WORK ORDER.
Retype the listing without any alteration.

EXERCISE MATERIALS section start

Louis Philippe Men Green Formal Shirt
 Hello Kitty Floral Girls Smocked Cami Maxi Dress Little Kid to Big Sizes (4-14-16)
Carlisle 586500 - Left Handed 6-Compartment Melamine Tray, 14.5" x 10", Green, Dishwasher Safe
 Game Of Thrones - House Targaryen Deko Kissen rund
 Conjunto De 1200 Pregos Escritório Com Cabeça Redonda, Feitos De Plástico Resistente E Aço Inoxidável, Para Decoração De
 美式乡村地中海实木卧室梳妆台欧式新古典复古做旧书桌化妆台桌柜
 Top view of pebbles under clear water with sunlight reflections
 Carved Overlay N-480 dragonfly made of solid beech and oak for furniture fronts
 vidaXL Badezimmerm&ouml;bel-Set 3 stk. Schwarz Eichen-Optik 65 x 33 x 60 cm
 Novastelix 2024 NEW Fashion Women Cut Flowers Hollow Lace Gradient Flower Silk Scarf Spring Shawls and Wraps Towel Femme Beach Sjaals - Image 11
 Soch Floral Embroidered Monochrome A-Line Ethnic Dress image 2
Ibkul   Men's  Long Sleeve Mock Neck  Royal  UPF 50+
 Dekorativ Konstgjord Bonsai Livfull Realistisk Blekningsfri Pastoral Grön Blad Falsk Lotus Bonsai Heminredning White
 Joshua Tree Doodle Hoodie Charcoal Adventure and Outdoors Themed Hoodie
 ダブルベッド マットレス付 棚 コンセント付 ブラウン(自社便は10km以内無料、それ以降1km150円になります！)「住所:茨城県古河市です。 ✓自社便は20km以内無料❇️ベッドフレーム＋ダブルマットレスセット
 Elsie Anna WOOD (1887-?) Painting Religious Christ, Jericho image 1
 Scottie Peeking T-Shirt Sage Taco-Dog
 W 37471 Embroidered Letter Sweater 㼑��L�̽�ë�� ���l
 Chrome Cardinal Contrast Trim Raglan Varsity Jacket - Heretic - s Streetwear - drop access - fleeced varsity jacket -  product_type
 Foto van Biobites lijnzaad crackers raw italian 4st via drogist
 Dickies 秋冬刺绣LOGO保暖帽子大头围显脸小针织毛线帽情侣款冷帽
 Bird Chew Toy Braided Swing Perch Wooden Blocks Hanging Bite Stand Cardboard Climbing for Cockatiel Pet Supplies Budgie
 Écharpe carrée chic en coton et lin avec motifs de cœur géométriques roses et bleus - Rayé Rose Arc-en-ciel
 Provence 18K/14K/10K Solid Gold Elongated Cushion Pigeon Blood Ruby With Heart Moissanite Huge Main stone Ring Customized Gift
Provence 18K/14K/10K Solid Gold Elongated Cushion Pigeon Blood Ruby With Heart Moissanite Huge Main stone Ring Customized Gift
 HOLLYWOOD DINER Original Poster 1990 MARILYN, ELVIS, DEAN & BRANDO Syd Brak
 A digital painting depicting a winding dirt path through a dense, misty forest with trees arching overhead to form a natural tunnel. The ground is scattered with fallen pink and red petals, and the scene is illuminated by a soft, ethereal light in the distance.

EXERCISE MATERIALS section end

WORKED SOLUTION.
Louis Philippe Men Green Formal Shirt
 Hello Kitty Floral Girls Smocked Cami Maxi Dress Little Kid to Big Sizes (4-14-16)
Carlisle 586500 - Left Handed 6-Compartment Melamine Tray, 14.5" x 10", Green, Dishwasher Safe
 Game Of Thrones - House Targaryen Deko Kissen rund
 Conjunto De 1200 Pregos Escritório Com Cabeça Redonda, Feitos De Plástico Resistente E Aço Inoxidável, Para Decoração De
 美式乡村地中海实木卧室梳妆台欧式新古典复古做旧书桌化妆台桌柜
 Top view of pebbles under clear water with sunlight reflections
 Carved Overlay N-480 dragonfly made of solid beech and oak for furniture fronts
 vidaXL Badezimmerm&ouml;bel-Set 3 stk. Schwarz Eichen-Optik 65 x 33 x 60 cm
 Novastelix 2024 NEW Fashion Women Cut Flowers Hollow Lace Gradient Flower Silk Scarf Spring Shawls and Wraps Towel Femme Beach Sjaals - Image 11
 Soch Floral Embroidered Monochrome A-Line Ethnic Dress image 2
Ibkul   Men's  Long Sleeve Mock Neck  Royal  UPF 50+
 Dekorativ Konstgjord Bonsai Livfull Realistisk Blekningsfri Pastoral Grön Blad Falsk Lotus Bonsai Heminredning White
 Joshua Tree Doodle Hoodie Charcoal Adventure and Outdoors Themed Hoodie
 ダブルベッド マットレス付 棚 コンセント付 ブラウン(自社便は10km以内無料、それ以降1km150円になります！)「住所:茨城県古河市です。 ✓自社便は20km以内無料❇️ベッドフレーム＋ダブルマットレスセット
 Elsie Anna WOOD (1887-?) Painting Religious Christ, Jericho image 1
 Scottie Peeking T-Shirt Sage Taco-Dog
 W 37471 Embroidered Letter Sweater 㼑��L�̽�ë�� ���l
 Chrome Cardinal Contrast Trim Raglan Varsity Jacket - Heretic - s Streetwear - drop access - fleeced varsity jacket -  product_type
 Foto van Biobites lijnzaad crackers raw italian 4st via drogist
 Dickies 秋冬刺绣LOGO保暖帽子大头围显脸小针织毛线帽情侣款冷帽
 Bird Chew Toy Braided Swing Perch Wooden Blocks Hanging Bite Stand Cardboard Climbing for Cockatiel Pet Supplies Budgie
 Écharpe carrée chic en coton et lin avec motifs de cœur géométriques roses et bleus - Rayé Rose Arc-en-ciel
 Provence 18K/14K/10K Solid Gold Elongated Cushion Pigeon Blood Ruby With Heart Moissanite Huge Main stone Ring Customized Gift
Provence 18K/14K/10K Solid Gold Elongated Cushion Pigeon Blood Ruby With Heart Moissanite Huge Main stone Ring Customized Gift
 HOLLYWOOD DINER Original Poster 1990 MARILYN, ELVIS, DEAN & BRANDO Syd Brak
 A digital painting depicting a winding dirt path through a dense, misty forest with trees arching overhead to form a natural tunnel. The ground is scattered with fallen pink and red petals, and the scene is illuminated by a soft, ethereal light in the distance.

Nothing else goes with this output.